Larry Masinter <LMM@acm.org> wrote:

> It seems like a pretty big change to the IRI concept to have IRI ->
> URI transformations use scheme-specific knowledge.  Formerly, IRI ->
> URI transformation was specified as scheme independent.

I think it may help conceptually to distinguish between generic URIs and
URIs of a particular scheme.  For example, foo:bar is a valid generic
URI, but it might not be a valid foo: URI.

Given a foo: IRI, there are two kinds of IRI -> URI conversion we might
be interested in.  We might merely want to convert to a valid generic
URI in order to tunnel it through some ASCII infrastructure before being
ultimately resolved by an IRI resolver, in which case we don't actually
need a valid foo: URI.  Or we might want to convert to a valid foo: URI
so that a foo: URI resolver can resolve it.

The former of those two tasks can obviously be done without
scheme-specific knowledge.  But if you want the URI to be
resolvable, you can't get the job done without scheme-specific
knowledge.  Many (most?) browsers today will not resolve
http://%E7%8C%AB%E3%81%AB%E5%B0%8F%E5%88%A4.nicemice.net/ because
they don't handle percent-encoding in the host component, because
it's not valid according to the current http: URI spec.  (Even
Firefox, which fetches the page when I type the Japanese domain
label directly in Japanese, cannot resolve the percent-encoded
UTF-8 form.)  Many (most?) browsers today will not resolve
mailto:webmaster@%E7%8C%AB%E3%81%AB%E5%B0%8F%E5%88%A4.nicemice.net even
though they percent-decode the domain, because they (or the MUA they
invoke) are not expecting UTF-8 in the mail address, because it's not
valid according to the current mail address spec.  If you want URIs that
are meaningful according to current specs and can be resolved by current
URI resolvers, you need http://xn--r9j282hvzgc6x.nicemice.net/ and
mailto:webmaster@xn--r9j282hvzgc6x.nicemice.net.

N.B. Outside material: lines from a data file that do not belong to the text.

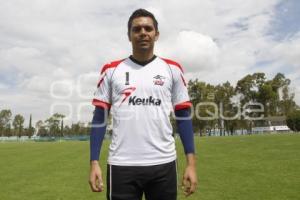 FÚTBOL . ENTRENAMIENTO LOBOS BUAP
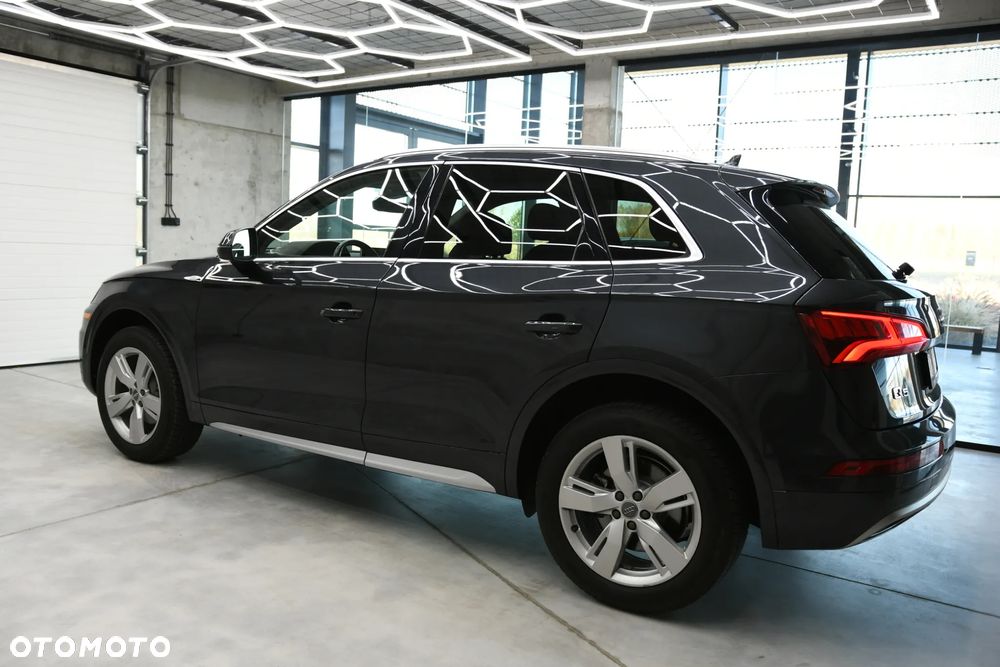 Audi Q5 2.0 TFSI Quattro S tronic sport - 11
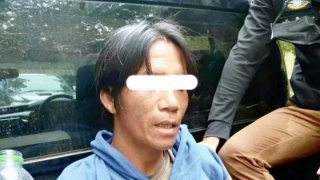 จับแล้ว!! บังรอน มือฆ่า 3ศพ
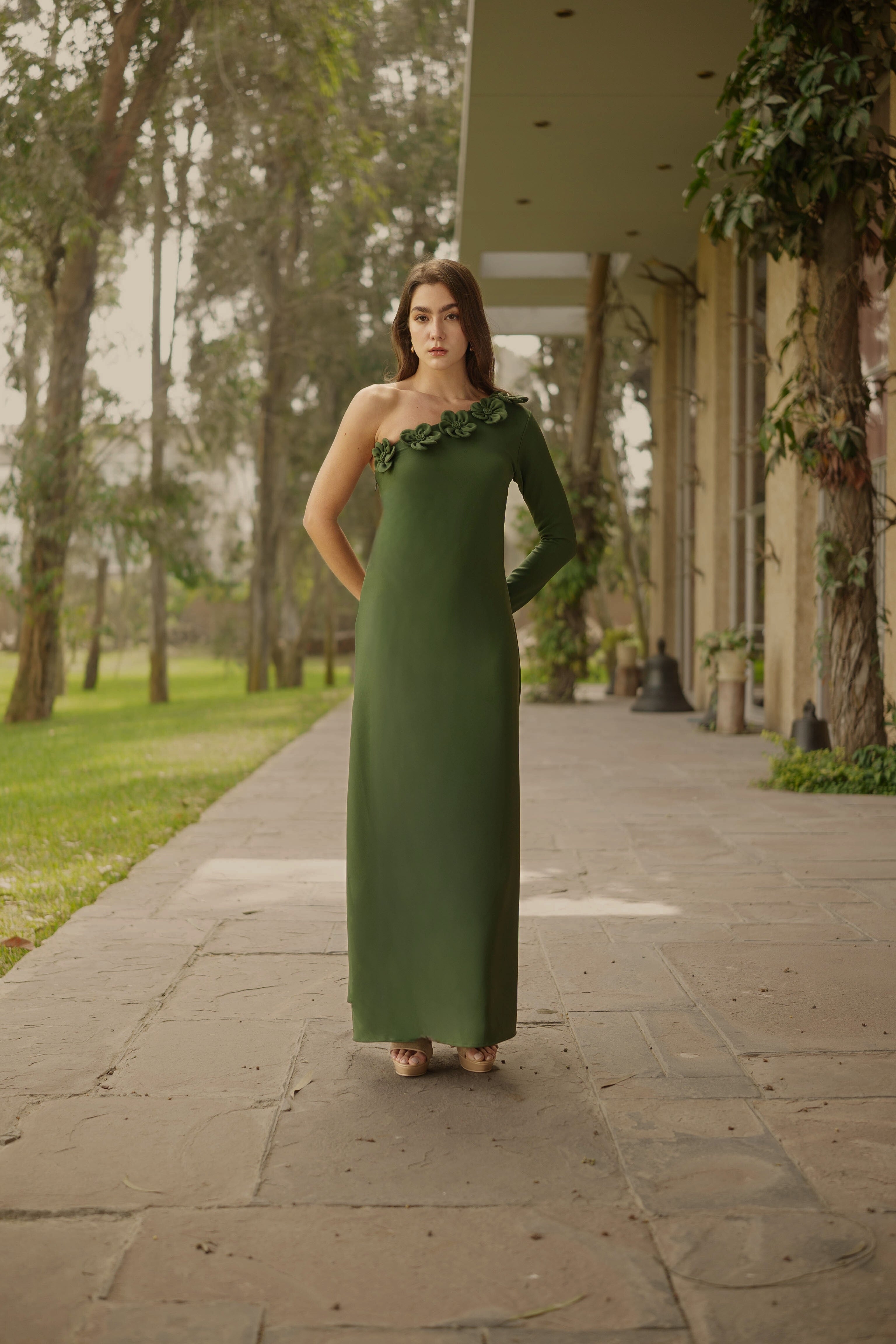 VESTIDO LUNAR BLOOM
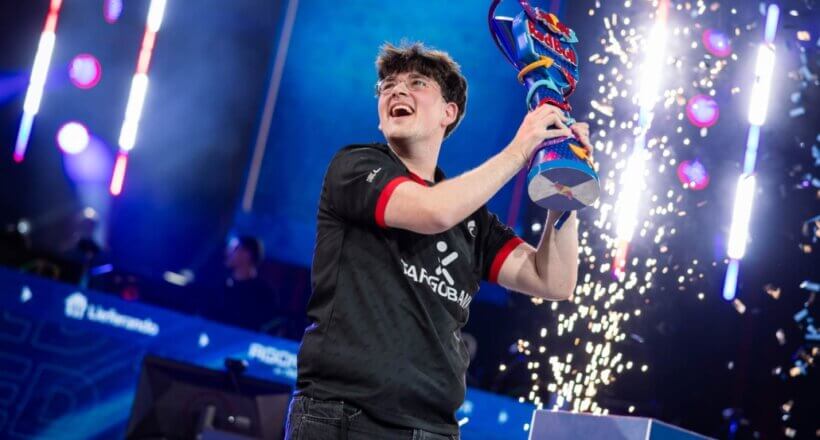 Red Bull Reshuffle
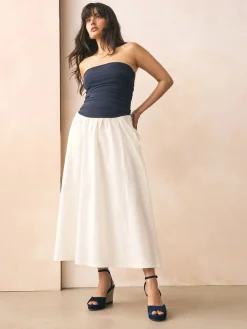 - Satin Plaited Wedge Heels*Next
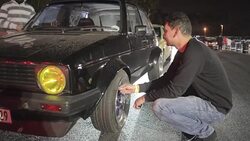 CLEAN : South Africas robot racers off the roads and on track News Clip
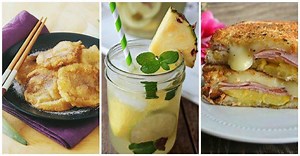 TROPICAL Tastes: 10 EXOTIC dishes you can make with canned PINEAPPLE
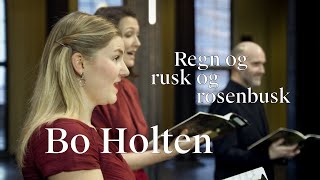 Bo Holten: Regn og rusk og rosenbusk | A day in the library | Ep. 2 |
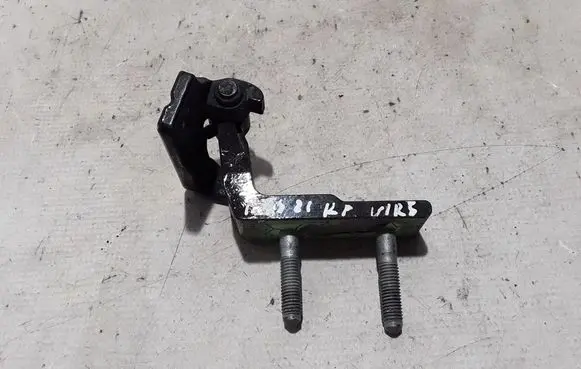 Mercedes-Benz EQS V297 Front door upper hinge A2977207302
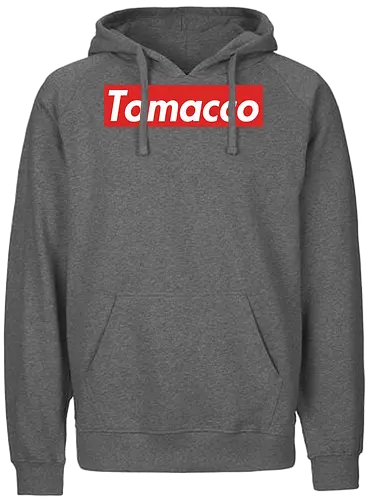 Supreme Tomato - supreme, tomacco - Fairtrade Hoodie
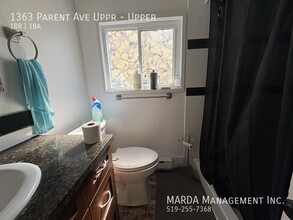 1363 Parent Ave in Windsor, ON - Building Photo - Building Photo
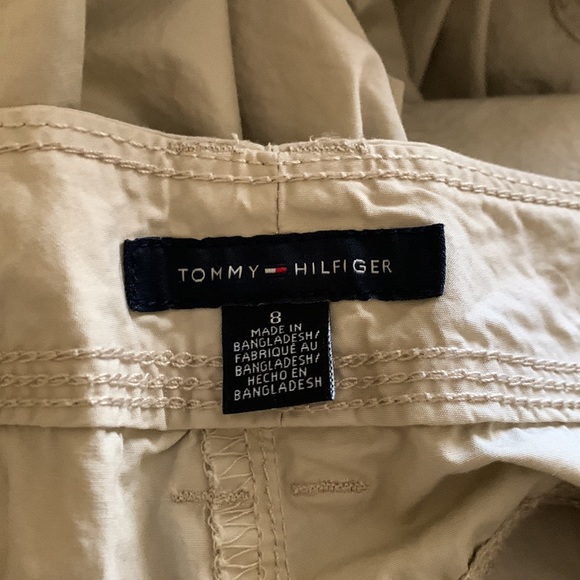 Tommy Hilfiger capris pants size 8 - Picture 8 of 11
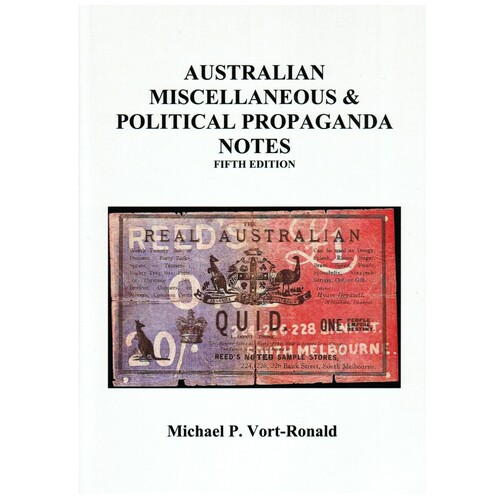 Australian Miscellaneous & Political Propaganda Notes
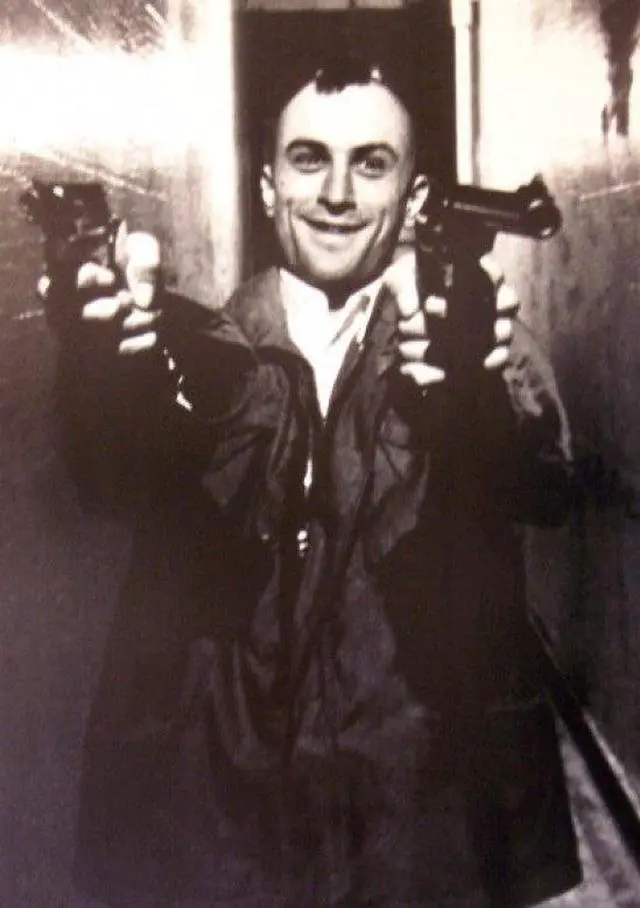 Main image of Taxi Driver Guns Poster Print (22 x 34)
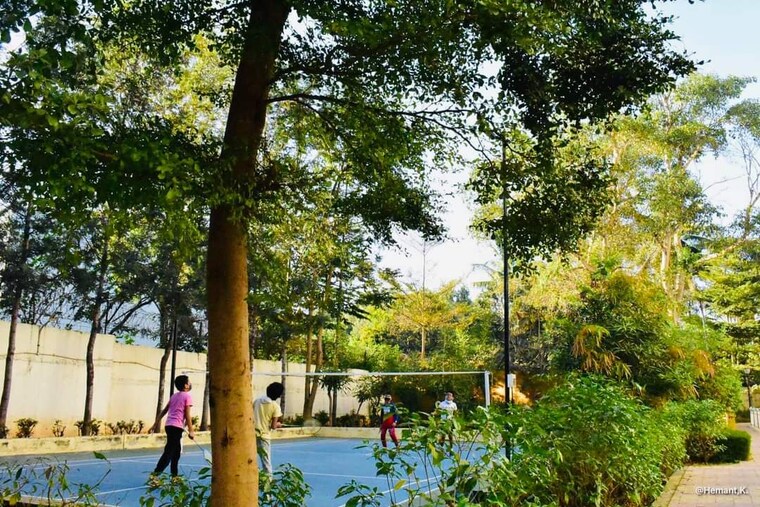 Garden, trifecta-esplanade 3 Bedroom 1532 Sq.Ft. Apartment In Belathur Bangalore 9506334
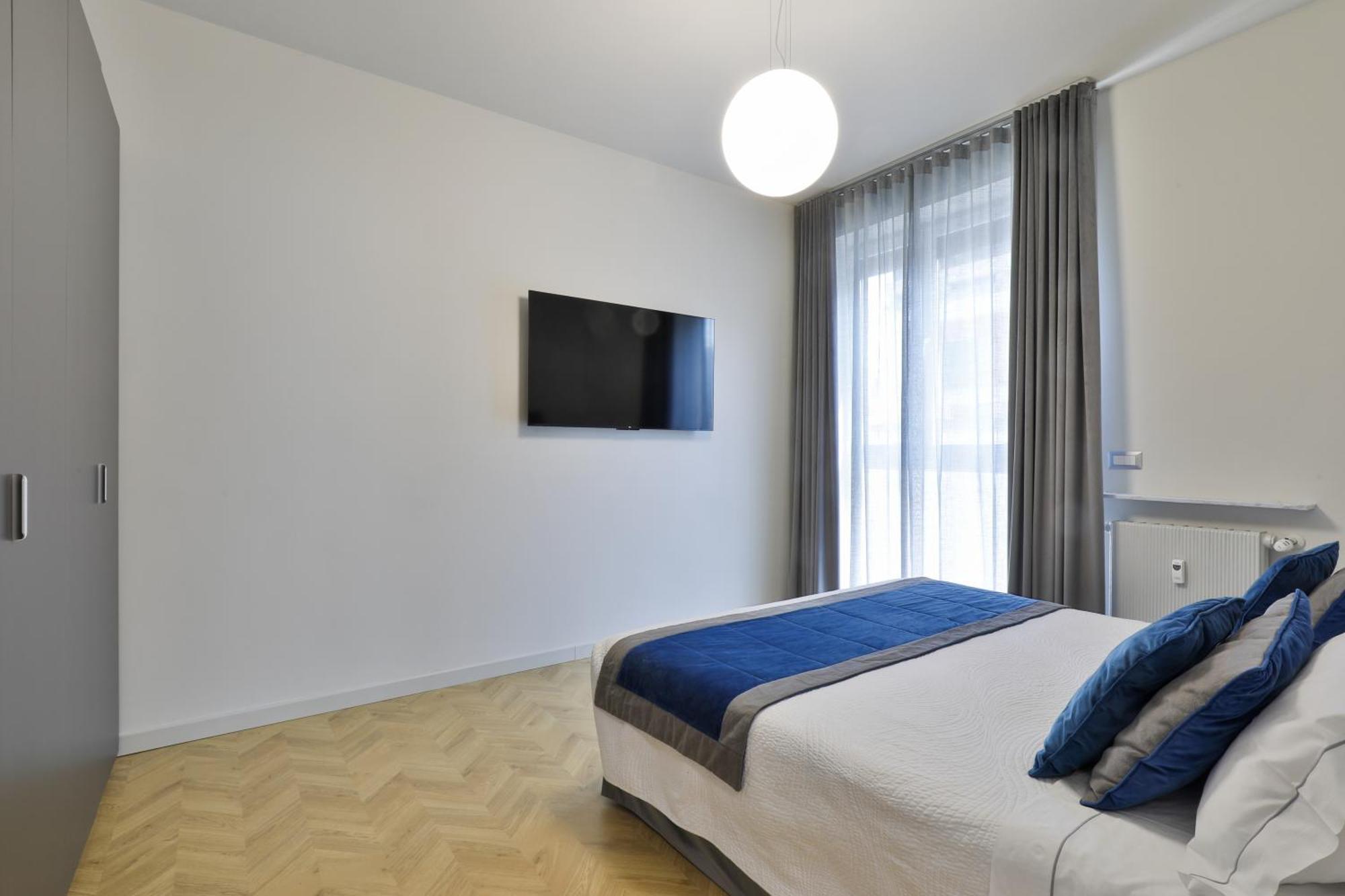 Como Lake Suites Esterno foto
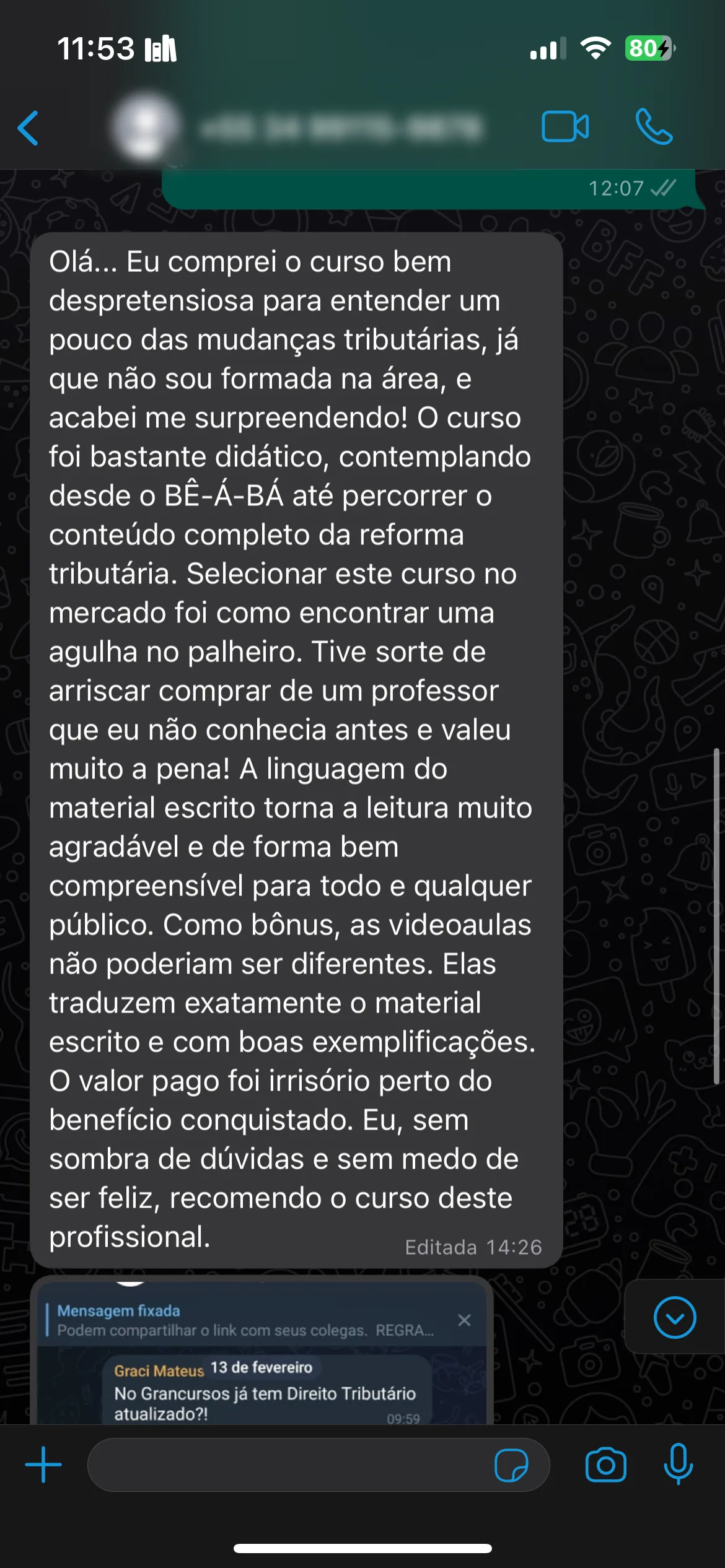 Depoimento 9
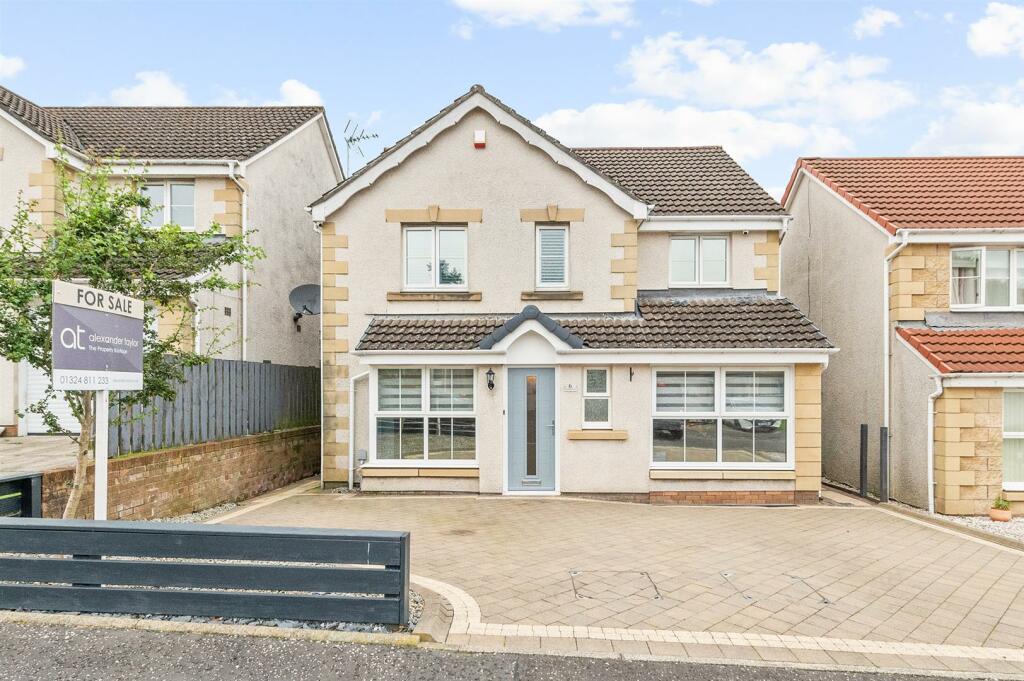 Main image of property: Foxdale Place, Bonnybridge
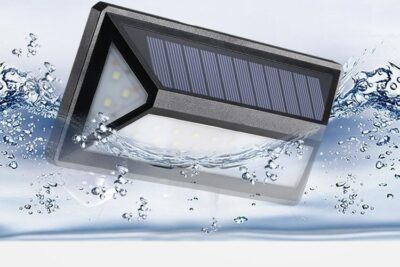 Solar Garden Light - Image 5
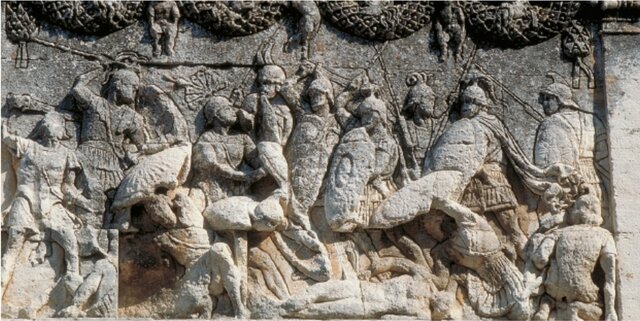 Lucha por la ciudadanía romana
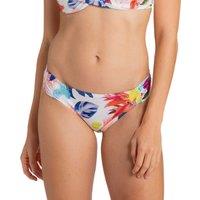 Palma Recycled Bikini Bottoms in Tropical Print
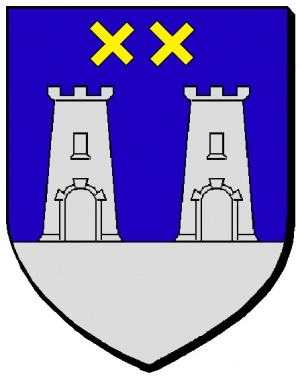 Blason de Léguevin/Coat of arms (crest) of {{PAGENAME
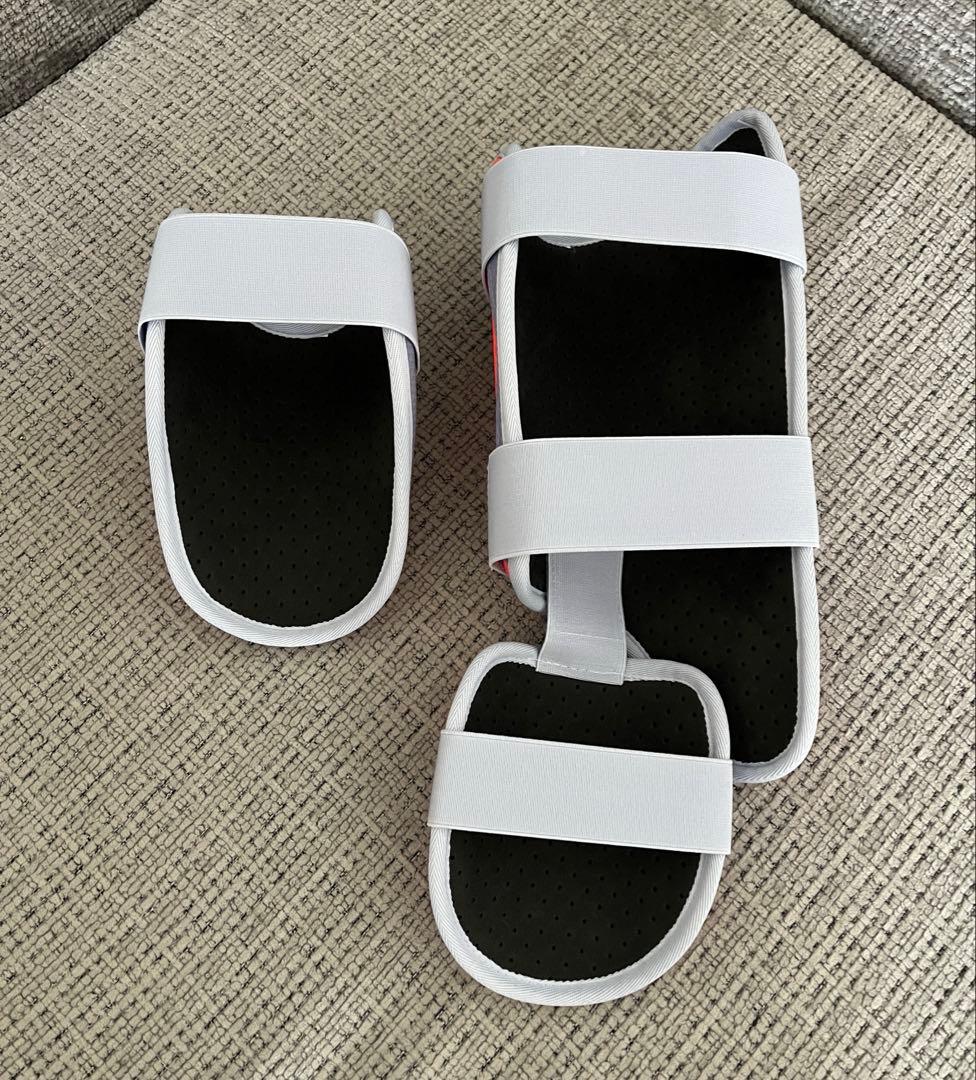 レア ナイキ NIKE エルボーガード レッグガード メジャーリーガー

> Do we need a separate spec for "http:", "mailto:", "ftp:" IRIs, where
> each specifies the punycode vs. hex-encoding of the various parts?

I don't think so; I think it is sufficient to have separate specs for
http, mailto, and ftp URIs, which we already have.  The conversion of
IRIs to URIs can then be defined by general rules in the IRI spec.  For
example, see the latter part of

http://lists.w3.org/Archives/Public/uri/2004Mar/0049.html

after "redefine the validity of IRIs".

Martin Duerst <duerst@w3.org> wrote:

> At most, there should be a single bit per scheme that says whether
> punycode should be applied to the 'host' part.

This middle-ground approach is both too much (every IRI-to-URI convertor
needs to recognize all schemes) and too little (mailto: is not handled).
What do you think of recognizing two kinds of IRI-to-URI conversion, a
scheme-agnostic kind for tunneling through URI infrastructure to IRI
resolvers, and a fully scheme-aware kind for interoperating with URI
resolvers (and for defining the meaning of the IRI)?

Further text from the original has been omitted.